Publication: Terrorism Monitor Volume: 15 Issue: 18

Hayat Tahrir al-Sham militants (Source:

As the operations against Islamic State (IS) in al-Raqqa and Deir al-Zour remain the focus of attention in Syria, a group known as Hayat Tahrir al-Sham (HTS) has quietly and quickly consolidated near-total dominance over Idlib — the last remaining opposition-held province in the country. Neglecting HTS’ activities, however, risks allowing the group to establish a jihadist stronghold from which to launch attacks outside the country.
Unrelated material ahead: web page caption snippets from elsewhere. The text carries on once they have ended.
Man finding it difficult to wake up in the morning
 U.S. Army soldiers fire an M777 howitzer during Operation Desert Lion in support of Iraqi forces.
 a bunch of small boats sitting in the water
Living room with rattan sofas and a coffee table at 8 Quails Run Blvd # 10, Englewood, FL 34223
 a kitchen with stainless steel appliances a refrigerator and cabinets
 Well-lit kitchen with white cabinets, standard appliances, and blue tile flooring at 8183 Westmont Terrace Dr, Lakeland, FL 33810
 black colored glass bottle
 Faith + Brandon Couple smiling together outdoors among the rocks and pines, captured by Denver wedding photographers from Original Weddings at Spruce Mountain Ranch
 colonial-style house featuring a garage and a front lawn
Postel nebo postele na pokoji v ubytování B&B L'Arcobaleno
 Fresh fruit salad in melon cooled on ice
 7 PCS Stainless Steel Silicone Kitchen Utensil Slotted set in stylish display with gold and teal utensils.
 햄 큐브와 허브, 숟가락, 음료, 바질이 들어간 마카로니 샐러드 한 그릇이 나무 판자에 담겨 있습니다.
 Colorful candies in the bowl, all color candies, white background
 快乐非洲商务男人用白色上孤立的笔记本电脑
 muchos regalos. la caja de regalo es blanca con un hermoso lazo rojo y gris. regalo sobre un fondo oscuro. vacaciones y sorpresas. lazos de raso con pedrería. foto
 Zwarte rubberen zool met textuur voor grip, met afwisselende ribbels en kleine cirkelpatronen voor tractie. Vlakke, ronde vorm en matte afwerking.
Many know HTS as the latest iteration of Jabhat al-Nusra (JN), formed in August 2011 when al-Qaeda General Command (AQGC) and IS leader Abu Bakr al-Baghdadi authorized Abu Mohammad al-Jolani to set up a branch in Syria. Over the course of the six-year conflict, al-Jolani and his jihadist cadres transformed JN into one of the fiercest anti-Assad fighting forces by leveraging its influence within both the broader Syrian revolutionary factions and the global jihadist network. Straddling these two diametrically-opposed forces has remained HTS’/JN’s most pressing challenge as it seeks to establish an Islamic emirate in Syria.

Despite its dominance in Idlib province, HTS currently faces both external and internal challenges to its rule. The three strategic pillars that it has relied on to date — co-optation of rival groups, strong internal harmony and manipulation of the civil space — appear to be crumbling under the pressure of the Turkish-Russian-Iranian-led Astana peace talks and escalating tensions with rival rebel groups and local residents.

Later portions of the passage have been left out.